There is still another use-case left. What if your training data is flat in the first place (batch_size, data)?
This scenario could come from a visual encoder. Its result could be fed into an LSTM and therefore needs to be shaped accordingly.

A reshape to (num sequences, sequence length, data) is just fine, but the other way around to a shape of (sequence length, num sequences, data) is causing the troubles that you describe.

So what would be good way to reshape the tensor to sequence length first in this case?

It depends what data in your batch exactly refers to. Since you want to push it through I LSTM, I assume that data contains some sequence somewhere. If so, it really depends on the content/structure of data.

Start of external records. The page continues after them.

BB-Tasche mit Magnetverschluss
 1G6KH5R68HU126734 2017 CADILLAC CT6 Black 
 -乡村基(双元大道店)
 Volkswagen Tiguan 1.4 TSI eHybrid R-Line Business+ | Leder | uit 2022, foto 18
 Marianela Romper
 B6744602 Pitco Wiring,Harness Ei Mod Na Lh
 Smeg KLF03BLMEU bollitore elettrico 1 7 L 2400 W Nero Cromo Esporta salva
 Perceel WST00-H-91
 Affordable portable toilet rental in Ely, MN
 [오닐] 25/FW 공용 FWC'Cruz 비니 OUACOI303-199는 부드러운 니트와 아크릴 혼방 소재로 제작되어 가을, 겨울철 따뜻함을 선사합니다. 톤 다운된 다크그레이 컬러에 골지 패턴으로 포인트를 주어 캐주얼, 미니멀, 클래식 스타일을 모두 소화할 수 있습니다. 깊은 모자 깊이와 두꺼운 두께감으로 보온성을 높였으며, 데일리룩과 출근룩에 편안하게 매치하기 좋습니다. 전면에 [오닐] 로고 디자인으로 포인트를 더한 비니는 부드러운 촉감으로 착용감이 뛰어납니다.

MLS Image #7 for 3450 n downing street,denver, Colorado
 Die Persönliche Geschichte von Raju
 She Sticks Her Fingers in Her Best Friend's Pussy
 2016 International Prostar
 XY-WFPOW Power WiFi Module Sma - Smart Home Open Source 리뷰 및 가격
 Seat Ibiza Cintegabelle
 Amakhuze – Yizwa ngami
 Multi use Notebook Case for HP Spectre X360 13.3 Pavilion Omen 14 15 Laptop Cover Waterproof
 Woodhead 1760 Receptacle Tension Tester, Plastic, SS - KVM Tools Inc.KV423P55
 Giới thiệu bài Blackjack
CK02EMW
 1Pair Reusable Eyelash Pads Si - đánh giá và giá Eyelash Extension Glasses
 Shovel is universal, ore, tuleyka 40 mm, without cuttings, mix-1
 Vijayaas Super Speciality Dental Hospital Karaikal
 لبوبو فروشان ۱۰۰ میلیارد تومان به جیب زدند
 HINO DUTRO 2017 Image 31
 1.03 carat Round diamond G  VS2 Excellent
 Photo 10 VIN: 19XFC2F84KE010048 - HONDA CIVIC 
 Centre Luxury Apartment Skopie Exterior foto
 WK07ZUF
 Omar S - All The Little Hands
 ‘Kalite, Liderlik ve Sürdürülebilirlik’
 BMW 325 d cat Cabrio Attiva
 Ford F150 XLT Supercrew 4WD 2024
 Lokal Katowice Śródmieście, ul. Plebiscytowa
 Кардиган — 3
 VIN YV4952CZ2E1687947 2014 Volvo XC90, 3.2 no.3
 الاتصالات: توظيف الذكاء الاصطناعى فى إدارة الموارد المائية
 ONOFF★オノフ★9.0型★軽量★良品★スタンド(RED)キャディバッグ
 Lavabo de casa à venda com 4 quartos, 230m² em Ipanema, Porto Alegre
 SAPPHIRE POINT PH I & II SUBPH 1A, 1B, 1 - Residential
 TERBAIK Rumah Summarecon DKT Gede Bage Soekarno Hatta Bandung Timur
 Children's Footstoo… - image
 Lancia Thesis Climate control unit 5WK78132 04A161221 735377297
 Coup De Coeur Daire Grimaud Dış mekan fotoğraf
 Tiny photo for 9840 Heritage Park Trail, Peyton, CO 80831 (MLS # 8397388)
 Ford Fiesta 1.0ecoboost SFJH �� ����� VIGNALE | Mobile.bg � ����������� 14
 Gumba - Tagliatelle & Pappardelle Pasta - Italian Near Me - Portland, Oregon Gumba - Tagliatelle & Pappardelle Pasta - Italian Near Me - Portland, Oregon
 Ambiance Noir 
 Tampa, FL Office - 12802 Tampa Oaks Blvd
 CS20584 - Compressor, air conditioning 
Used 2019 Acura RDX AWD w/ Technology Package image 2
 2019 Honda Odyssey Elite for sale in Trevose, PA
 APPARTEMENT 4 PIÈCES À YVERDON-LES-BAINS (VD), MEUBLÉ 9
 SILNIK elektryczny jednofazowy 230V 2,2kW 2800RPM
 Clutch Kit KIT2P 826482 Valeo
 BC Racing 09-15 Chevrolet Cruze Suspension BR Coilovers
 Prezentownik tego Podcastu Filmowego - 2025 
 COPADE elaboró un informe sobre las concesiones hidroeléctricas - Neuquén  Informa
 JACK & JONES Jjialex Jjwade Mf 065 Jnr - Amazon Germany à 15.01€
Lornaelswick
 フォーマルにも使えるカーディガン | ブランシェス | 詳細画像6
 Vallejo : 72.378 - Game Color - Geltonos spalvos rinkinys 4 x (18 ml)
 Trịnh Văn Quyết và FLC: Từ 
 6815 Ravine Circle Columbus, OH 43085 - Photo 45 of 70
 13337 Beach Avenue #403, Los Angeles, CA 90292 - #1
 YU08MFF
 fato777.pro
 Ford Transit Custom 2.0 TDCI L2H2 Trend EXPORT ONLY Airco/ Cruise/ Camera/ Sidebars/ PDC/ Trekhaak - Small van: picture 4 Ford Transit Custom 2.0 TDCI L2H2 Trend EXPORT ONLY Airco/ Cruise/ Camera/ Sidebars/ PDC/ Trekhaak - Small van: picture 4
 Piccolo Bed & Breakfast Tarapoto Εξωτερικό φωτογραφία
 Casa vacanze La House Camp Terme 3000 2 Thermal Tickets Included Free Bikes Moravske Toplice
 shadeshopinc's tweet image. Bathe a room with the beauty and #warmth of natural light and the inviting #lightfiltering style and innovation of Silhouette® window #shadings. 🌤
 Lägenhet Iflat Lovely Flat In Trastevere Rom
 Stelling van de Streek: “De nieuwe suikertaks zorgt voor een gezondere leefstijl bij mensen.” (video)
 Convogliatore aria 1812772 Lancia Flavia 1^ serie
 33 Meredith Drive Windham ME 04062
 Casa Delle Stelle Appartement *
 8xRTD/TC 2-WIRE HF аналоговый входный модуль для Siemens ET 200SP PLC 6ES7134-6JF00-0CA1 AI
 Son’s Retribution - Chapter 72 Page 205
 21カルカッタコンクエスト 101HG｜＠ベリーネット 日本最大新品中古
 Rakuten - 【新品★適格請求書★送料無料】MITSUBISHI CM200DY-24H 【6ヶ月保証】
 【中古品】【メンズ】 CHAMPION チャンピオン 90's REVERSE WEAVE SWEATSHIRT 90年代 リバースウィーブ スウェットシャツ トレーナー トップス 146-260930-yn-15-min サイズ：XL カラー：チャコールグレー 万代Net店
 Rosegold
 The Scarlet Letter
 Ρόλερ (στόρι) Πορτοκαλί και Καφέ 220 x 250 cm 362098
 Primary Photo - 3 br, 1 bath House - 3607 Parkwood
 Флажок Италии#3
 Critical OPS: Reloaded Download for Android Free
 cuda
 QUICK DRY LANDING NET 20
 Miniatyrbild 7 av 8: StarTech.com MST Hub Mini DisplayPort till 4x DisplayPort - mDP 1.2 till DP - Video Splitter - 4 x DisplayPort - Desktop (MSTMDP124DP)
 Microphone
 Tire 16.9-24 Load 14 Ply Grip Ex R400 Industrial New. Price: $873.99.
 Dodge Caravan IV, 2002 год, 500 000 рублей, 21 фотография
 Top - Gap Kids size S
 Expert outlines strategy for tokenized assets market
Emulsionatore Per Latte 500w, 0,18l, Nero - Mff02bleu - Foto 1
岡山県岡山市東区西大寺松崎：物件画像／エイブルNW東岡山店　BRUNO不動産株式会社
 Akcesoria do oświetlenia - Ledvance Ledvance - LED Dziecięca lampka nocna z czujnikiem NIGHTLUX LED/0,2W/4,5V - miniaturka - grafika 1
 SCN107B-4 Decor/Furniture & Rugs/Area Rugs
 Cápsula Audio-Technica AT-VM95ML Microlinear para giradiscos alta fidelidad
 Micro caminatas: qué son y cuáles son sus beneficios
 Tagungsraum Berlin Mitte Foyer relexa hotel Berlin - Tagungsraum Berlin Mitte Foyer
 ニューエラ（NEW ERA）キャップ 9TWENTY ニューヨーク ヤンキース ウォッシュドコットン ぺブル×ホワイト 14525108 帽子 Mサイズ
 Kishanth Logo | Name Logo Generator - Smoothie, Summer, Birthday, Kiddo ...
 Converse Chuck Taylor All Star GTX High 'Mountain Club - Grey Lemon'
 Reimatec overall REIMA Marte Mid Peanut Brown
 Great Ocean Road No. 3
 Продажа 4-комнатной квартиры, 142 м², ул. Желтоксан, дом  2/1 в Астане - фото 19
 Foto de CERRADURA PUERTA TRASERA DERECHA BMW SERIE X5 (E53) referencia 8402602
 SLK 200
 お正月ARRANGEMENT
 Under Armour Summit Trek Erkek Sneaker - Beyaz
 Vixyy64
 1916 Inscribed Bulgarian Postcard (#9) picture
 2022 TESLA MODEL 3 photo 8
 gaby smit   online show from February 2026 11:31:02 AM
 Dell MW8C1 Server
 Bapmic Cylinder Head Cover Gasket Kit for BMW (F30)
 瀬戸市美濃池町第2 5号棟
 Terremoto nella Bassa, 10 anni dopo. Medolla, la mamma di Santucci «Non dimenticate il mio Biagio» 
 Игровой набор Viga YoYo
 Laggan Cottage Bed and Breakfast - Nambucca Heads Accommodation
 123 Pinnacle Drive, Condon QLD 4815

Or do you have a sequence of, say, 32 frames of a video clip you first encode and then push these 32 frames as a sequence through an LSTM. In this case, batch_size for the visual encoding becomes your seq_len for the LSTM with a batch_size=1. So you don’t need to reshape anything but “unsqueeze” your batch dimension. Say h is your batch after visual encoding with shape (32, data). Then you can do:

h = h.unsqueeze(0)

resulting in shape of (1, 32, data) which works just fine as input for your LSTM.

The conversion between sequence first and batch first is a usually a .permute(1, 0, 2) (could also be written as transpose, but to me permute better captures the intent).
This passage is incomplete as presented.